#### Information supplied
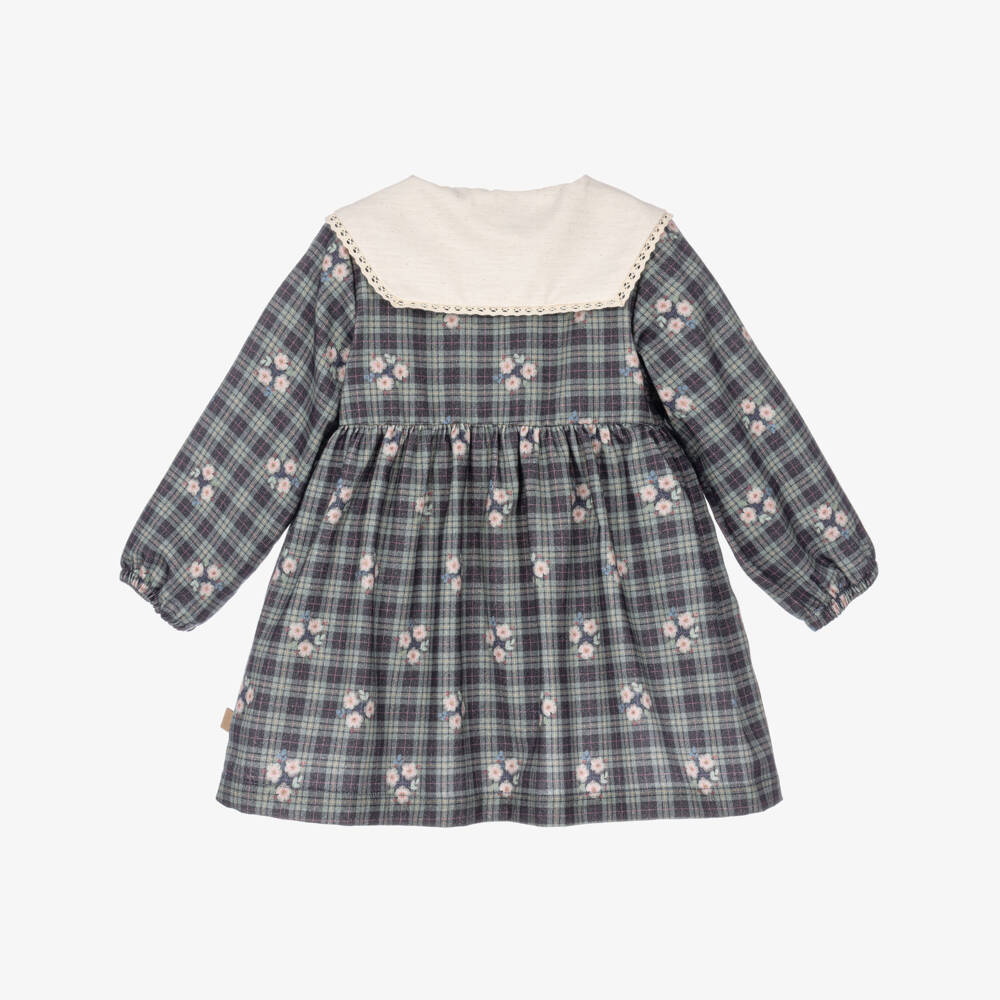 Laranjinha-Girls Blue Check Cotton Dress with Pink Flowers | Childrensalon
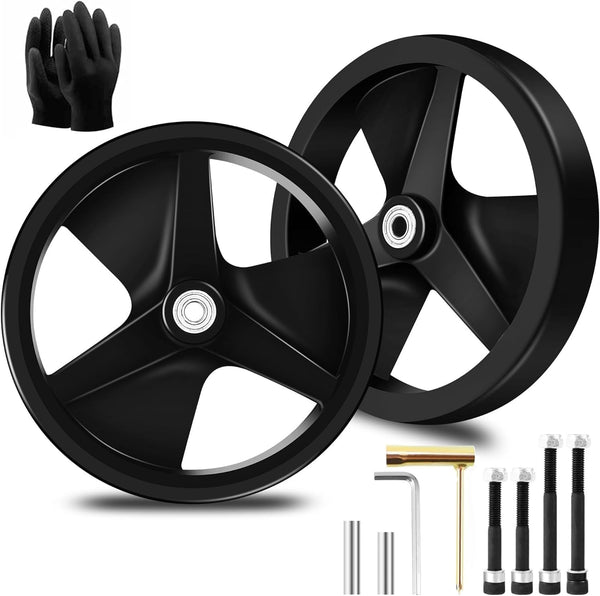 2Pcs 8 Inch Replacement Wheelchair Wheels for Walkers - Environmentally Friendly Rubber Material, Wear-Resistant PU Tires, Anti-Slip, and Durable ABS Wheel Hub (8IN Walkers)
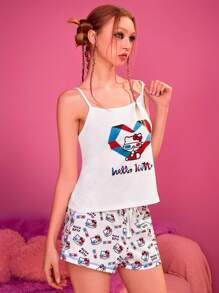 HELLO KITTY AND FRIENDS | SHEIN 女士休闲宽松针织印花吊带背心和短裤睡衣套装 - 白色 - 查看 8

#### Task objective
Give an exact copy of the data, and omit any pictures it holds.

#### Output of the task
 Laranjinha-Girls Blue Check Cotton Dress with Pink Flowers | Childrensalon
 2Pcs 8 Inch Replacement Wheelchair Wheels for Walkers - Environmentally Friendly Rubber Material, Wear-Resistant PU Tires, Anti-Slip, and Durable ABS Wheel Hub (8IN Walkers)
 HELLO KITTY AND FRIENDS | SHEIN 女士休闲宽松针织印花吊带背心和短裤睡衣套装 - 白色 - 查看 8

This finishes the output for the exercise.